But the establishment of the Oslo-derived Palestinian Authority (PA) in 1994 significantly changed that calculus. Nearly all of the occupation's administrative costs and a good portion of security-related costs are now met through European aid donations to the PA. And since Israel controls the shipment of all goods into and out of both the West Bank and Gaza and can use the territories as a captive market, many economists and aid experts argue that the money now flows in the opposite direction.
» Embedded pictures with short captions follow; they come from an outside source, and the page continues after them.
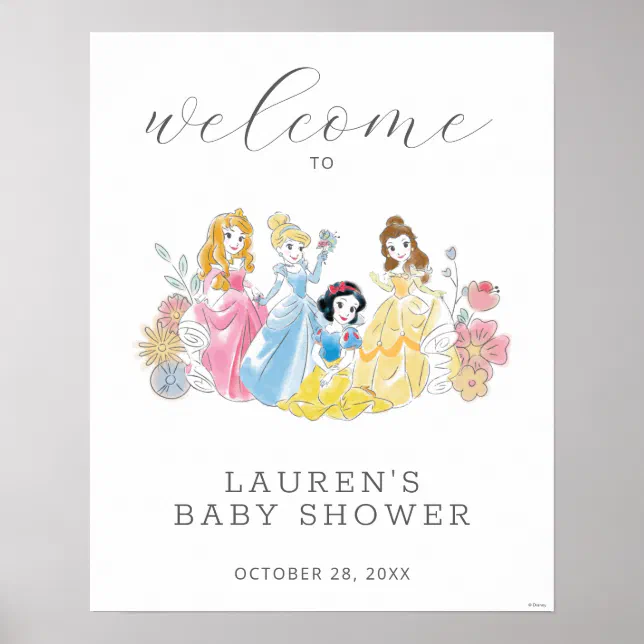 Disney Princess Floral Baby Shower Welcome Sign | Zazzle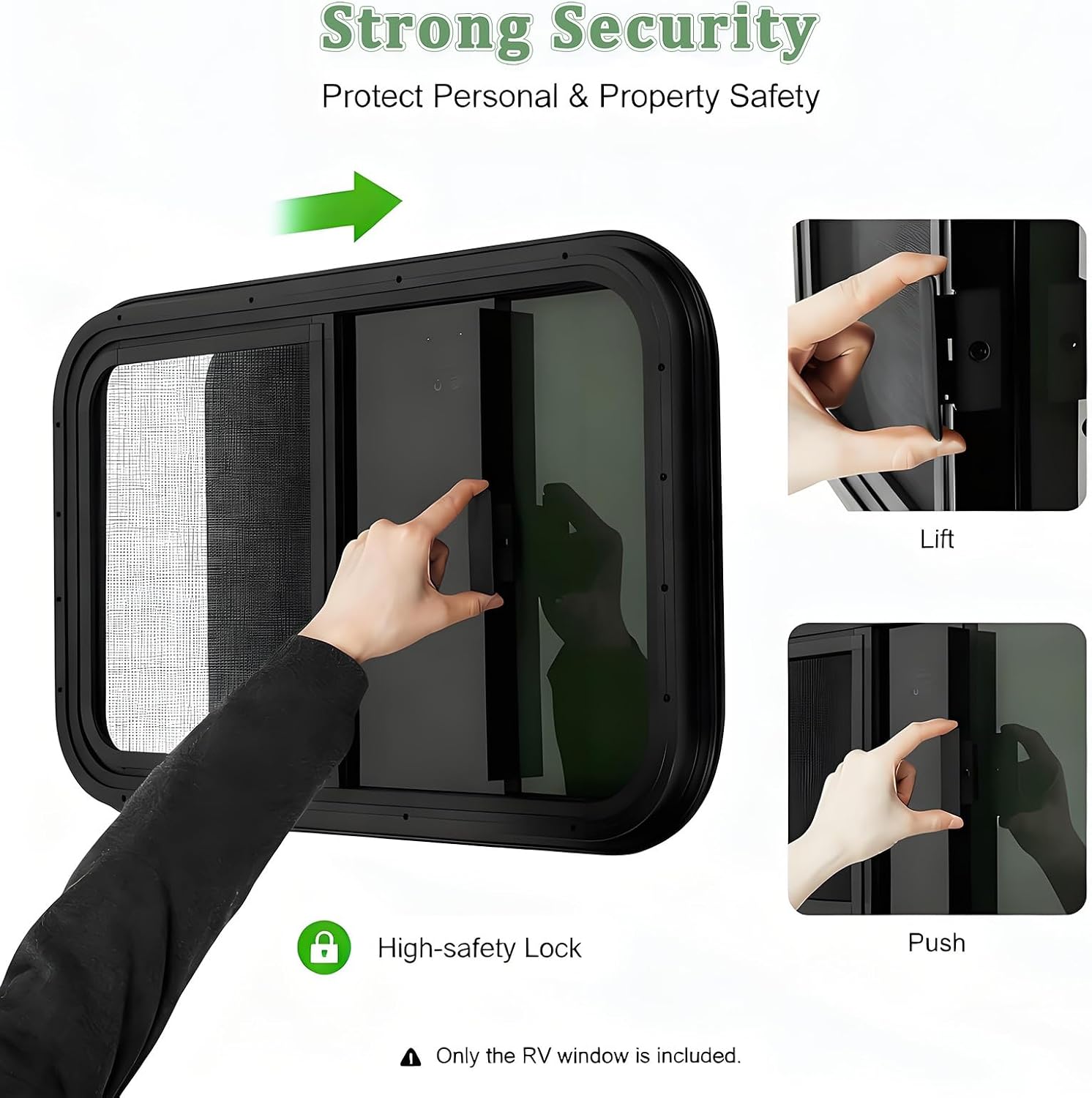 Slide Trailer Black Window with Screen, 24"W x 14"H Tinted Tempering Glass RV Window, Sealed Polished for Cargo Horse Trailer Marine Camper Horizontal Window Replacement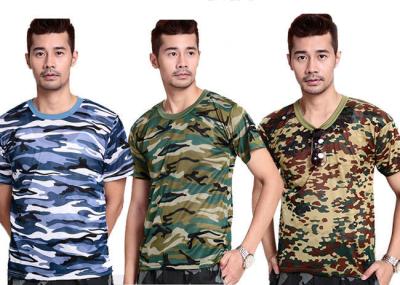 Professional Unisex Cotton Military T Shirts Round Neck Edging Double Line Hem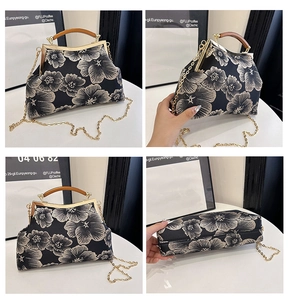 Detailed views of a vintage floral embroidery handbag with wooden handle and gold chain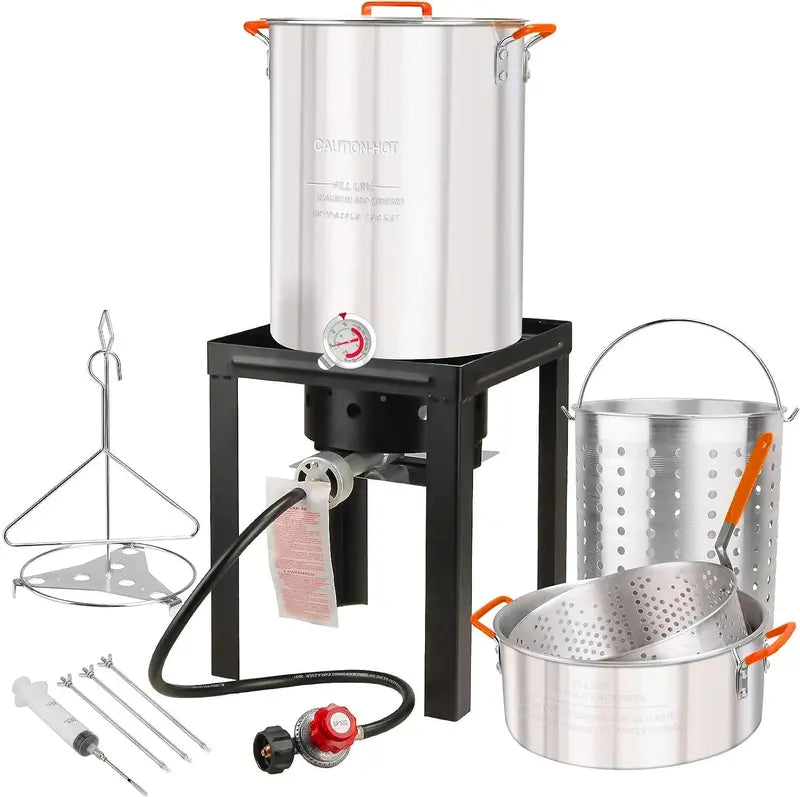Worcest Outdoor Deep Fryer Kit with Turkey Fryer Pot and Seafood Boiling Accessories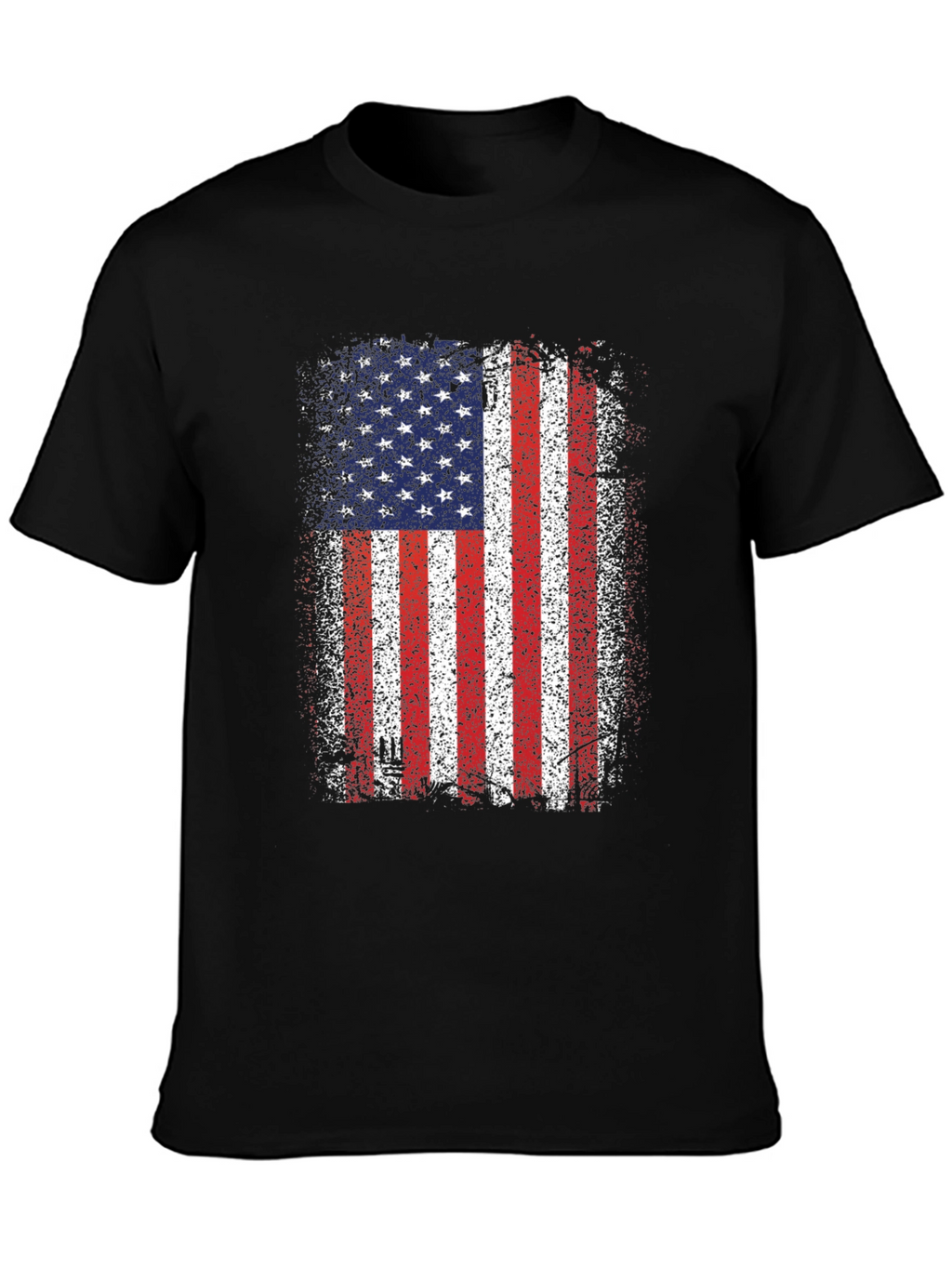 American Flag Distressed Graphic T-Shirt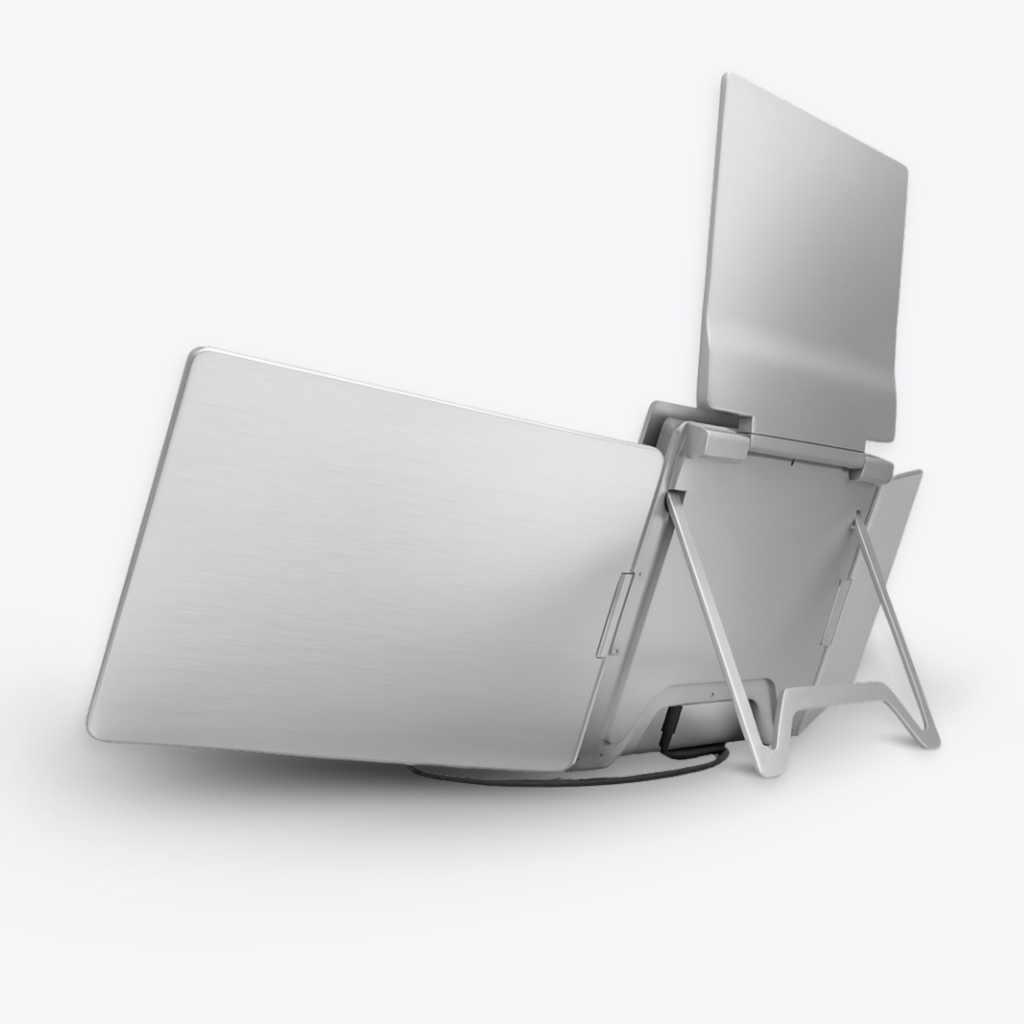 Back right angle view of Falco Fly 14 portable monitor in folded position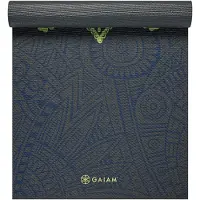 Gaiam - 6 mm Premium Printed Yoga Mat - Esterilla de yoga size 61 cm x 173 cm x 0,6 cm, oliva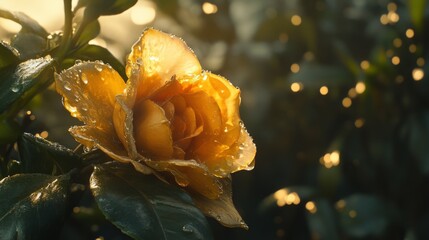A detailed shot of a flower with dewdrops on its petals, captured in the soft morning sunlight, with vibrant colors and natural textures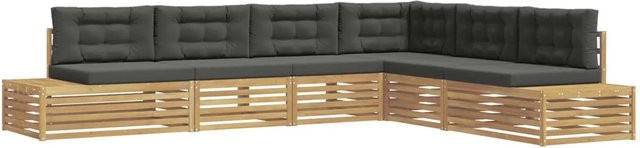 vidaXL 6-teilige Outdoor-Sofagarnitur aus Akazienholz und Polyester in Weiß/Anthrazit - Bild 1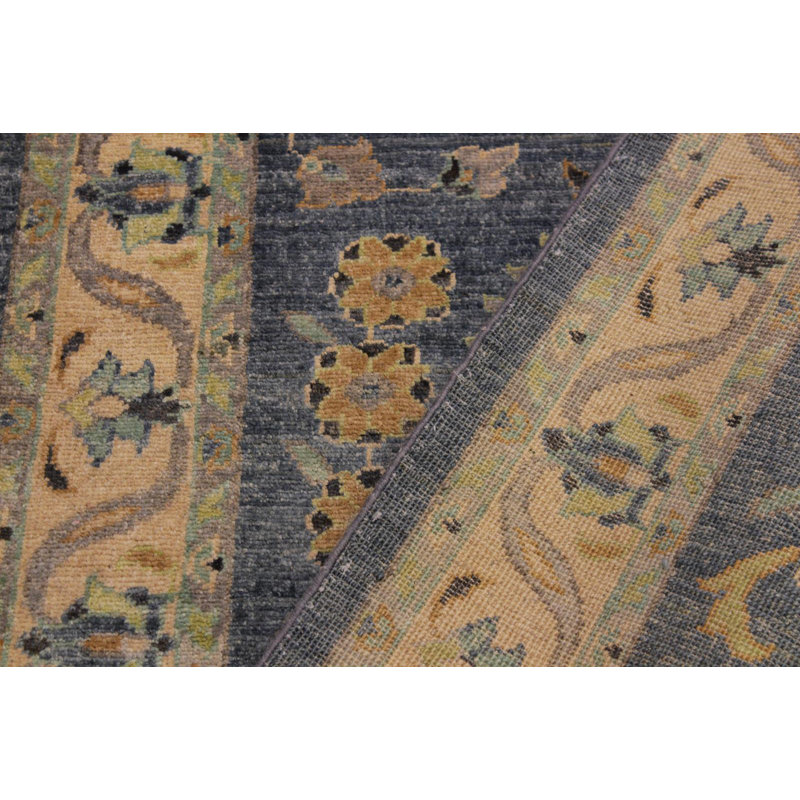 Tapis de couloir gris / beige en laine noué à la main 2 pi 10 po x 11 pi 10 po Grigori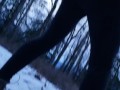 Snowy Piss At Dusk In The Woods Of Canada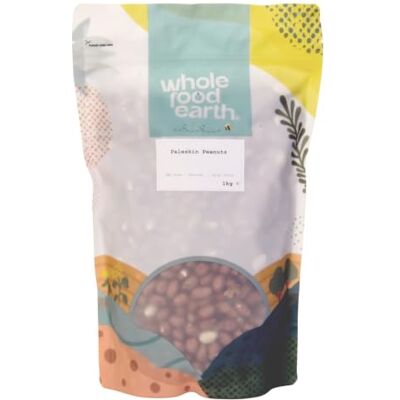 Wholefood Earth Paleskin Peanuts Gentechnikfrei natürlich vegan milchfrei ohne Zuckerzusatz, 1 kg Wholefood Earth Paleskin Peanuts Gentechnikfrei natürlich vegan milchfrei ohne Zuckerzusatz, 1 kg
Second, the value that Jewish Israelis place on being able to build good relations with their Palestinian neighbors and the rest of the Muslim world has greatly diminished. Recall that in the heady days of the (largely nonviolent) first intifada, 1989-93, and during the early years of the post-Oslo period, Israel and the occupied territories were awash in handsomely funded "getting to know you" projects. Israelis and Palestinians who had previously known each other only as enemies or-prior to 1989-in the context of extremely unequal employment relationships came to see their once-feared neighbors in a much more multi-layered way.
But these efforts were halted in response to the suicide bombings of Palestinian rejectionist groups in the 1990s, and Ariel Sharon's decision, upon taking office in 2001, to construct a physical wall between Palestinians and Israelis. The list continues:
The third factor in the peace movement's demise was the reframing of its own demographic argument. In its simplest form, this argument advocates separate states because "one day soon" Palestinians will outnumber Jews in the area between the Jordan River and the Mediterranean.
Zionists have traditionally described demography-altering proposals as "transfer," but the rest of the world typically calls this ethnic cleansing. Few in Israel still speak crudely, as they once did, about rounding up Palestinians in trucks and sending them across the border. Nonetheless, during the recent election, Lieberman expressed support for establishing a truncated Palestinian state that would incorporate some of the Palestinian-populated areas of Israel that abut it. Palestinians in those areas would summarily lose their Israeli citizenship, and thus be "transferred" administratively, if not physically.
Finally, the argument that an independent Palestinian state would immediately become a "Hamastan"-either chaotic and ungovernable, and therefore a source of continuing violence- has eroded support for a peace agreement.
Hamas's continued capacity for violent resistance and its refusal to adopt Abbas's compliant, warm-and-fuzzy approach to peacemaking have made the idea of a Hamas-ruled state a hard one for many Jewish Israelis to accept. But within Israeli society (if not the political leadership), there is considerable realism in attitudes regarding Hamas. For some years now, a small majority of Israelis have even favored government talks with Hamas, though the influential poll regularly conducted by Hebrew University's Truman Institute showed that this percentage dropped between December and March from 55 percent to 50 percent. In March 69 percent of Israelis still supported the idea of their government dealing with a Hamas-Fatah unity government.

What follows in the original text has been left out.